Глава 3. Драма «Тарлагианки»

Примчавшись домой, Мелиден поспешил доложить:

— Послезавтра меня посылают в Гетальку и Венни, а также Загорье. Повезём приглашения на состязание арбалетчиков в конце июня. Если у кого есть письма в ту сторону или иные недолгие поручения, пусть скажут. А представление мне не увидеть, что поделаешь.

— Жалко, тебе понравилось бы. Может быть, посмотришь в Венни. Хотела бы там побывать. Ты видел море когда-нибудь, мой милый?

— Да, но на другом конце Средиземья, на юго-востоке, и только в детстве.

— А я нет. Ничего не видела, кроме Камбенета и ближних мест. Говорят, там чудесно, тепло и изобилие всего, огромные дома, а люди не такие мужланы, как у нас.

— Хорошо там, где нас нет. Я слышал другое, что там одни лживые извращенцы, жара и мухи. Короче, расспроси знакомых, не надо ли кому что отвезти в сторону Венни. А твоё печенье очень понравилось мастеру арбалетчиков и старшему ингениатору. Говорят, будут пускать тебя в Замок в любое время. Надо было тебе открыть пекарню, тогда не пришлось бы мыкаться столько времени.

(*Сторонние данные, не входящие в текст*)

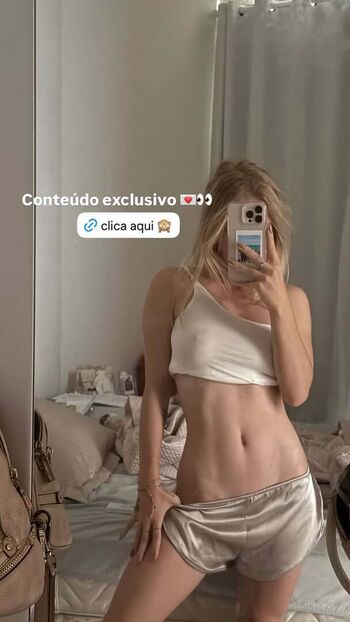 🔥 Iamcarlavoicu leaked private photo uncensored full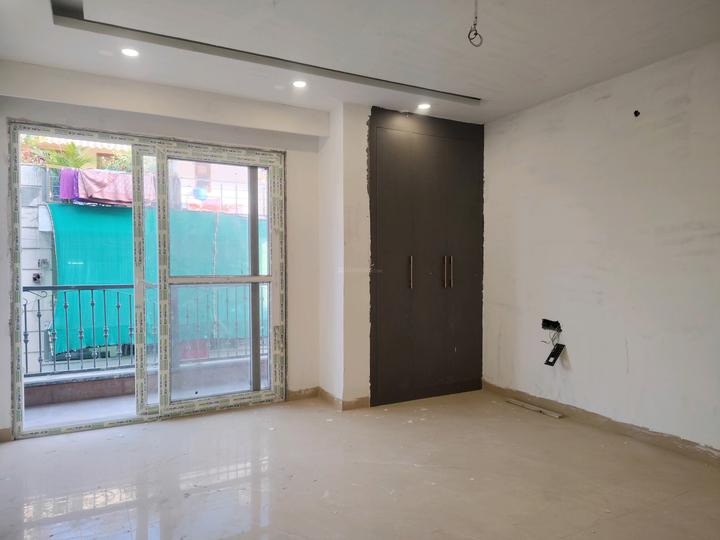 SK Building Main Image 1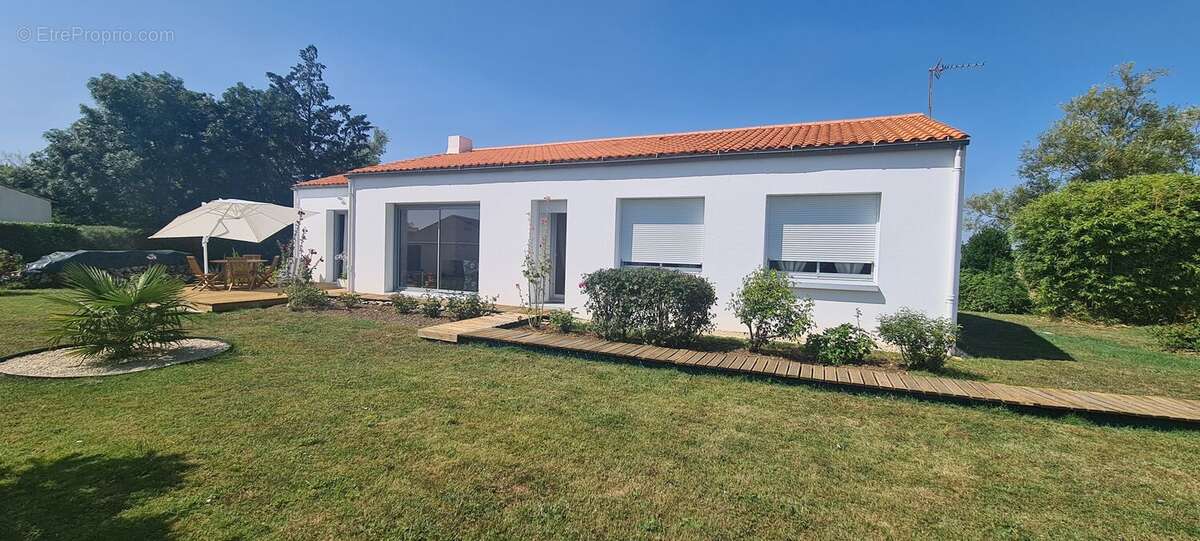 Maison à CHAMPAGNE-LES-MARAIS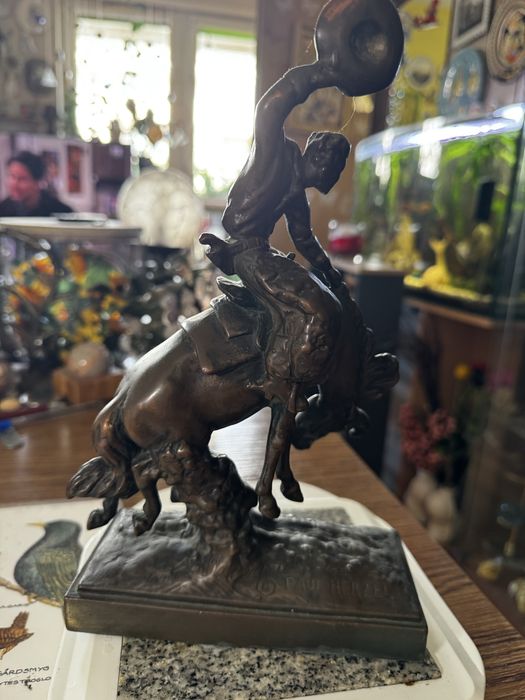 Figurka z brazu kowboj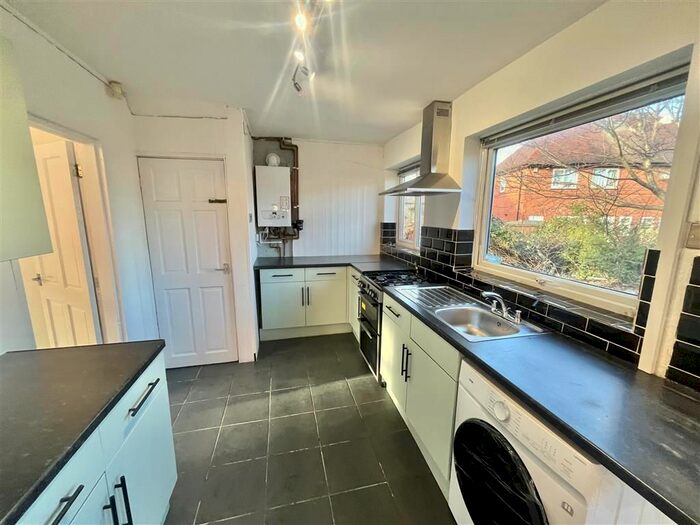 3 Bedroom Property To Rent In Beckley Road, Nottingham, NG8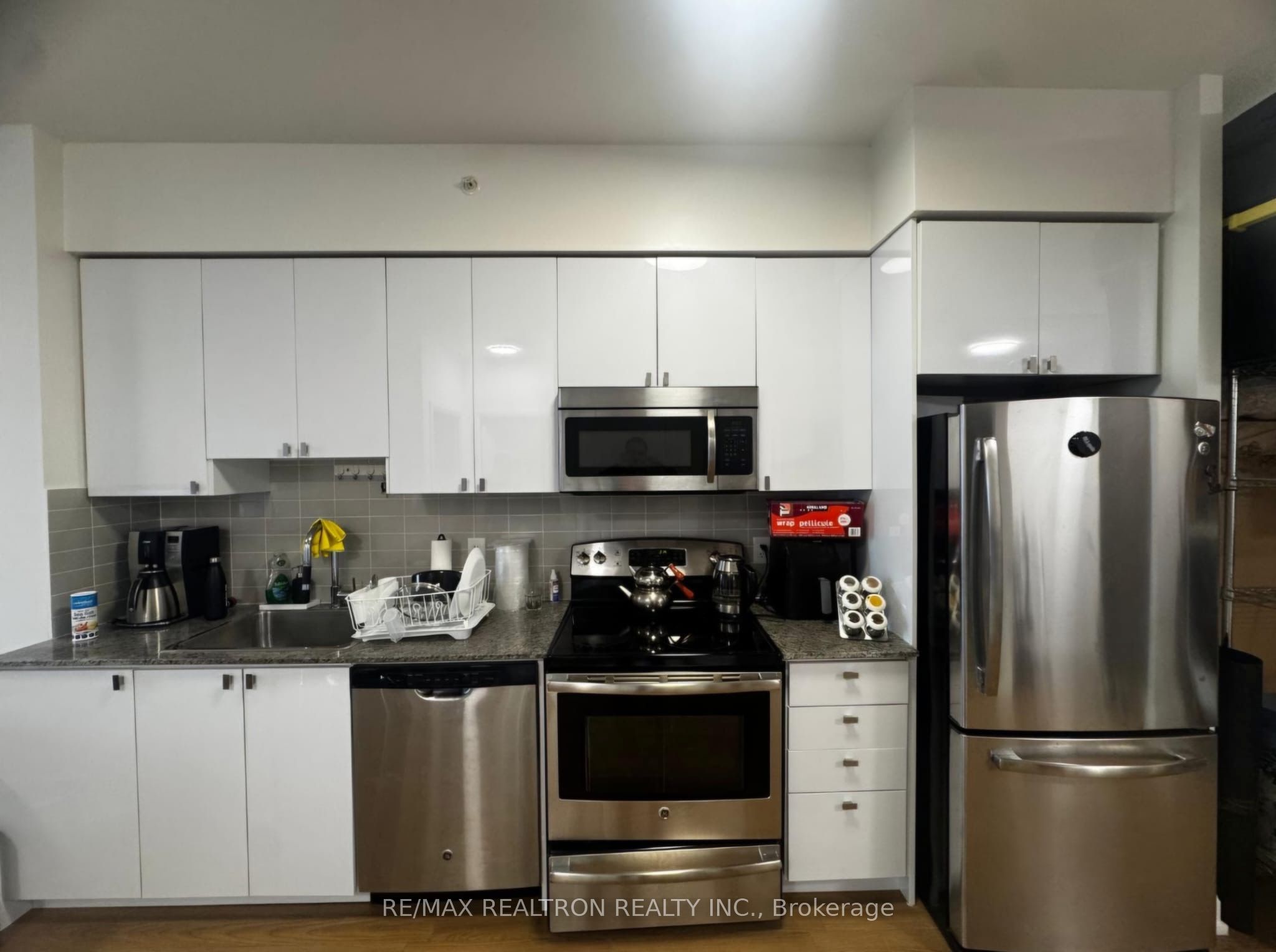 7171 Yonge Street 2412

— На всё нужны деньги. Про письма спрошу, но мало времени. Может быть, ты там узнаешь, кому продать твой шетокс? Там много богатых людей и тебя никто не знает.

— Попробую, но не в этот раз, сначала надо осмотреться. А ты еще поспрашивай, не продаёт ли кто небольшое именьице поблизости. Может быть, и новый дом построим с пекарней, если всё пойдёт хорошо. Спешить некуда, но лучше быть готовыми, если вдруг разбогатеем. Монеты жгут руки, сегодня есть, завтра отнимет кто-нибудь. Лучше без задержки вложить во что-то надёжное, с заверкой у нотариуса.

— Диан, — закончил он, пристально вглядываясь в милое лицо, — только ты для меня здесь важна. Я постараюсь быть осторожным, но и ты будь осторожна. Нам не на кого больше рассчитывать, только на свою предусмотрительность. Я сделаю для тебя всё, что смогу, не пожалею никого и ничего. Но и ты будь разумна. Мои силы ограничены, а будущее неведомо.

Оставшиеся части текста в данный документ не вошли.